[Durham INC] Parking on Ninth Street

Kelly J kjj1bg at yahoo.com
Fri Oct 25 08:36:57 EDT 2013


So I read in today's paper that the Chartwell, the company doing all the development on west side of ninth street purchased the parking lot and is hiking the city's lease from $3000/year to $85,500/year? Again--this just exemplifies how these outside groups drain money from our local economies. So they're bringing in national chains that compete with our local businesses, providing free subsidized parking to the patrons of these national chains, exponentially hiking the city's parking costs for existing businesses, and asking us to introduce new expenses for people who want to patronize our local businesses? 

I hope we come up with some more innovative ideas than simply giving into this? How about taxing the spaces in the Chartwell lots at a rate that will offset the $82,000/year hike they're asking the city to absorb?
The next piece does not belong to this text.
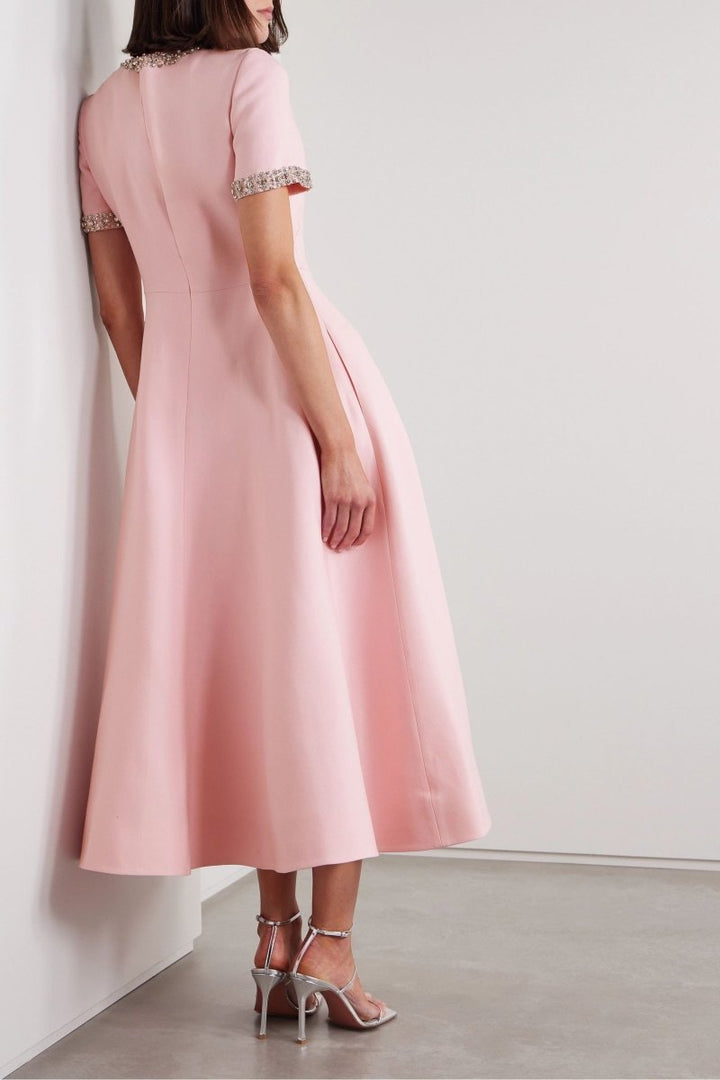 ZOE™ | Crystal Embellished Bow Midi Dress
I just think its wrong to introduce something like this that penalizes the businesses and customers who have built 9th Street and supported it during some pretty lean years. 

The problem of employee parking for these businesses is valid though, as is the perennial problem of landlord rent hikes that drive away businesses there. I do support some creative thinking on the 9th Street employee parking issue--perhaps something could be worked out with Asbury Methodist Church or something? 

Kelly


Kelly Jarrett. Sent from iPhone. Please take misspellings and autocorrect errors lightly. 


On Oct 24, 2013, at 6:19 PM, Kelly J <kjj1bg at yahoo.com> wrote:

If we have to support parking and public transit, I would suggest we raise the property taxes on the ocean lots that discourage walking and public transportation and divert more of the money spent there to their shareholders. The local businesses on ninth street provide a much better return on investment in the local economy. 

Kelly Jarrett. Sent from iPhone. Please take misspellings and autocorrect errors lightly. 


On Oct 24, 2013, at 5:48 PM, Will Wilson <willwilsn at gmail.com> wrote:

Isn't free parking something like the tax incentives we give big companies, except something that's relevant and critical for small businesses?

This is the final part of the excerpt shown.